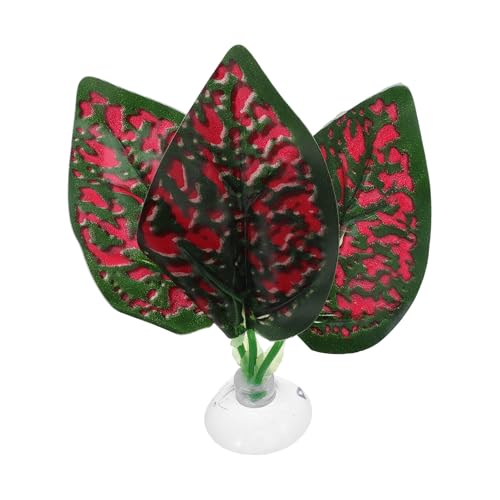 CAPASTEC Betta Fish Leaf, Natural Habitat Simulation for Betta Spawnings Grounds, Betta Spawnings Leaves, Resting Bed, Three Leaves, Red Deep Green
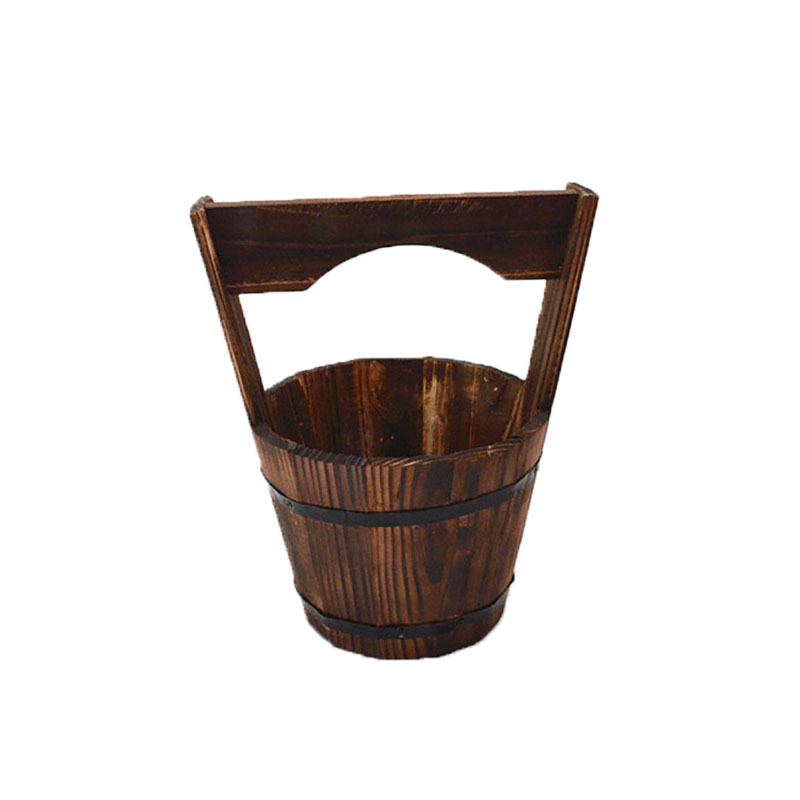 Wooden Bucket Planter in Barrel Design for Garden and Terrace – Decorative Flower Pots made of Wood
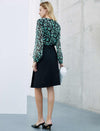 Floral Print Tie-Front Chiffon Top
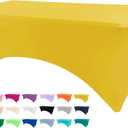 4ft Table Cover Fitted, Yellow Spandex Table Covers, Washable and Wrinkle Resistant Stretch Tablecloths Rectangle for Events, Wedding, Banquets, Parties (48" x 30" (Rectangular))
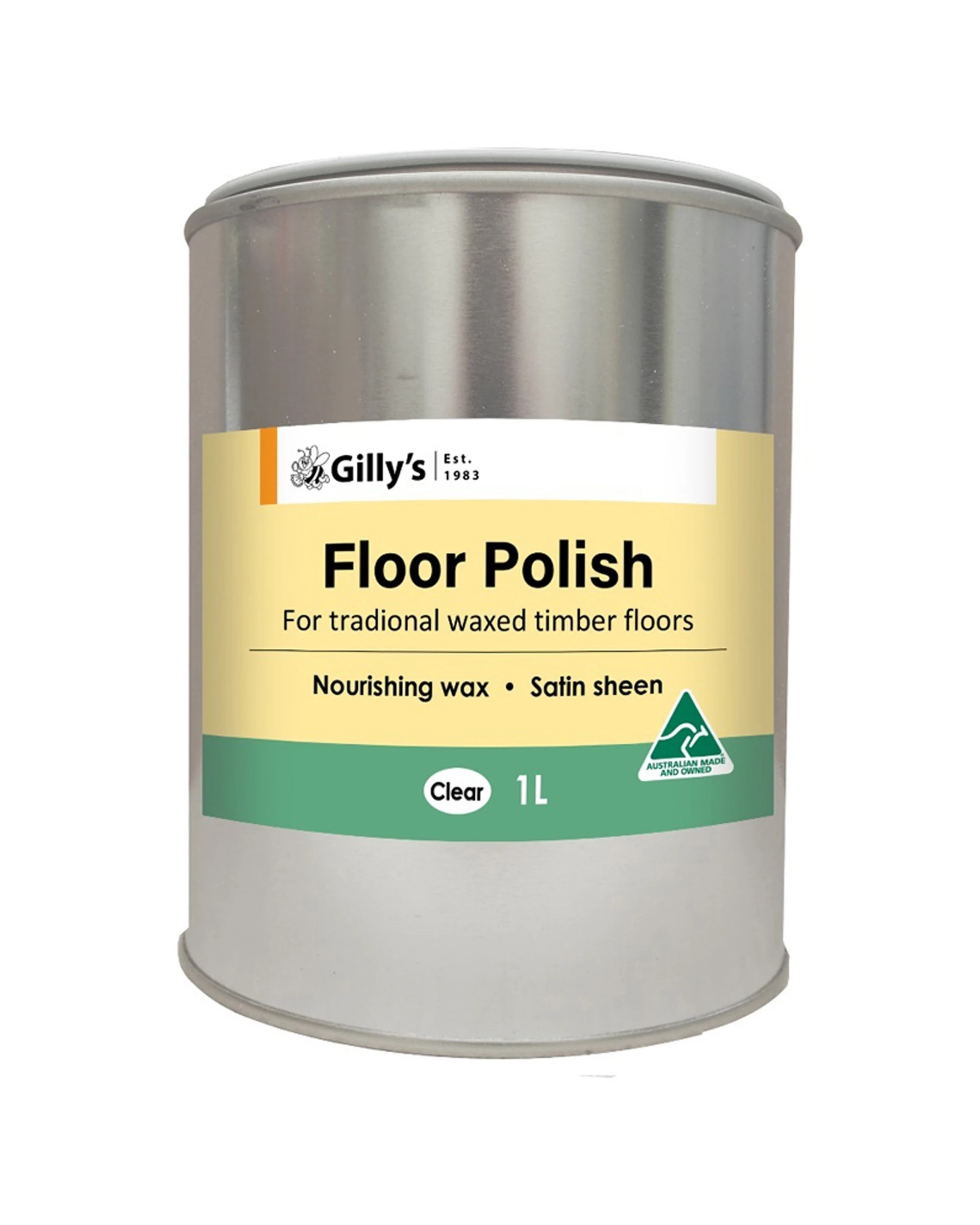 1 Gillys Floor Polish Nourishing Wax For Timber 1L Satin Sheen - Clear, 1 of 1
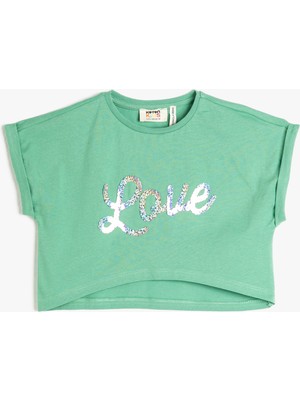 Koton Crop Tişört Oversize Kısa Kollu Pul Payet Işlemeli Pamuklu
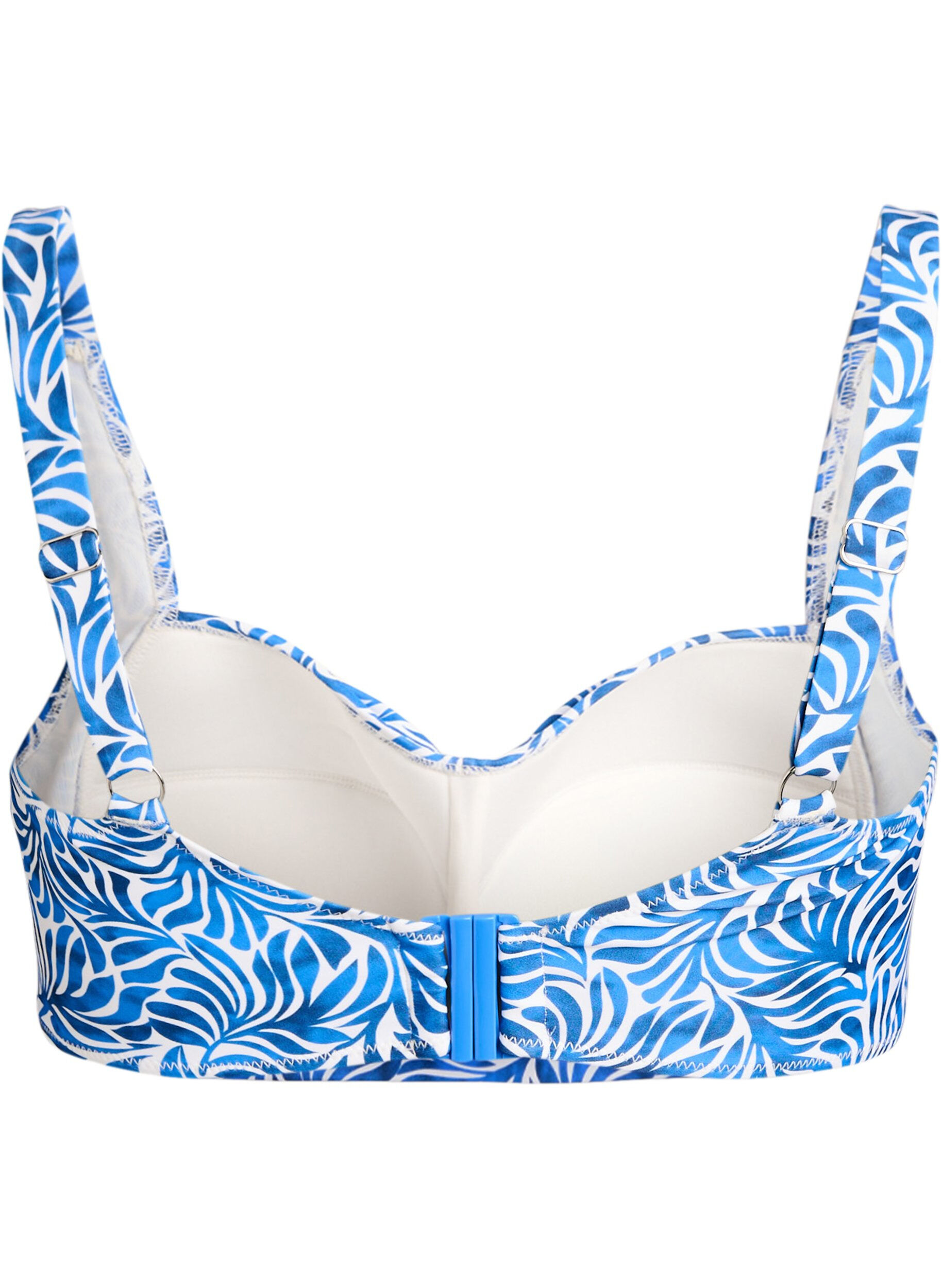 ZizziVadderad bikinitopp med tryck, Bl&aring;, Packshot image number 1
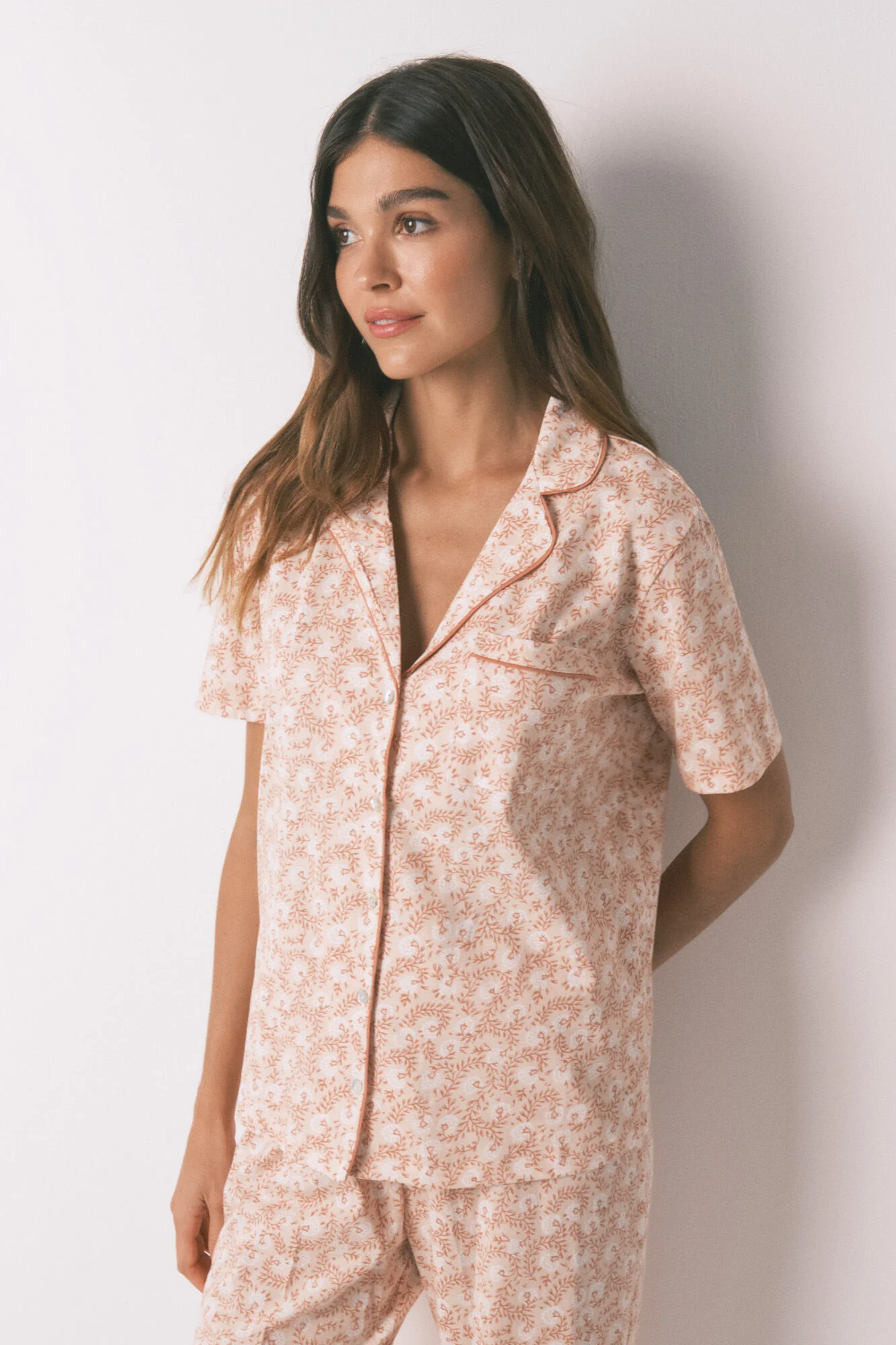 100% cotton classic pyjamas with orange flowers - Image 3
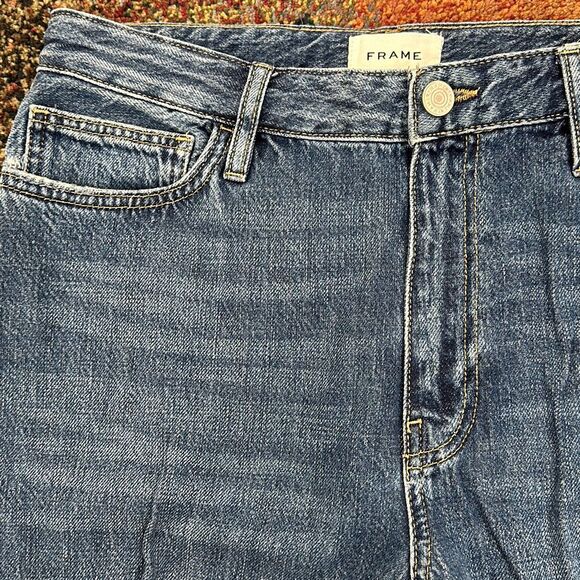 FRAME High-Rise Wide Crop Distressed Jeans Size 31 - Picture 8 of 13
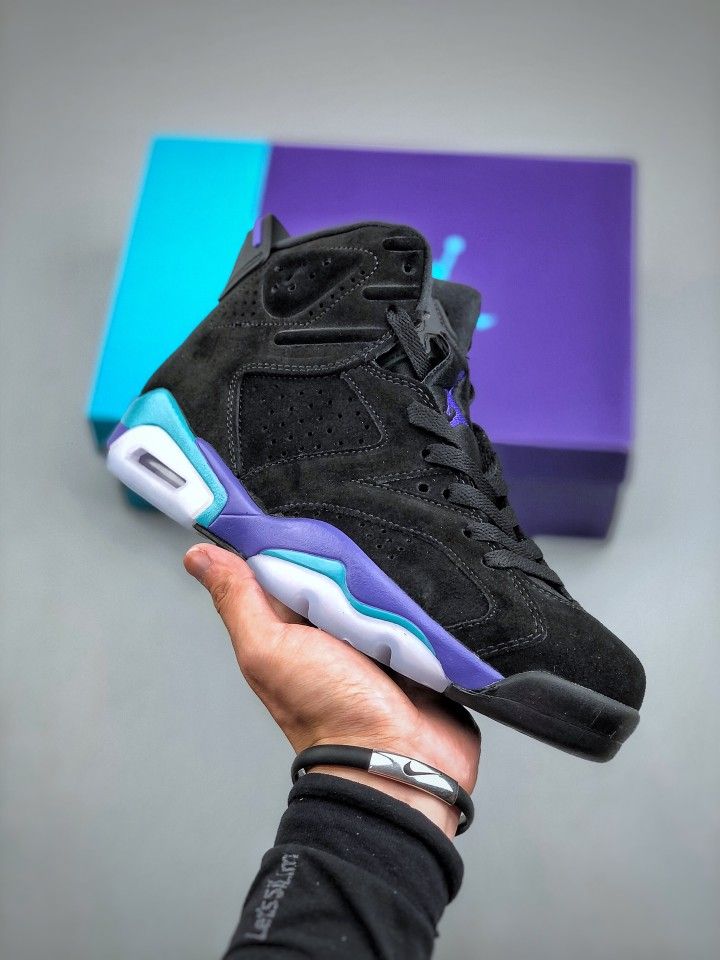 NikeAir Jordan Retro Black and purple Jordan AJ6 generation low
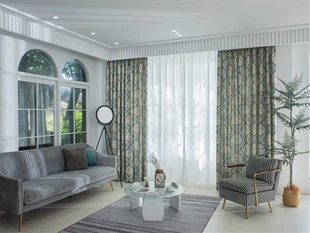 Tissu de rideau floral européen à fil doré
|---|
WORK TO COMPLETE -> Transcribe only the lines from the one holding "Koton Crop Tişört" through the last line of the listing above, inclusive, and do not include the pictures.

THE COMPLETED TASK ->
 Koton Crop Tişört Oversize Kısa Kollu Pul Payet Işlemeli Pamuklu
 ZizziVadderad bikinitopp med tryck, Bl&aring;, Packshot image number 1
 100% cotton classic pyjamas with orange flowers - Image 3
 FRAME High-Rise Wide Crop Distressed Jeans Size 31 - Picture 8 of 13
 NikeAir Jordan Retro Black and purple Jordan AJ6 generation low
 Tissu de rideau floral européen à fil doré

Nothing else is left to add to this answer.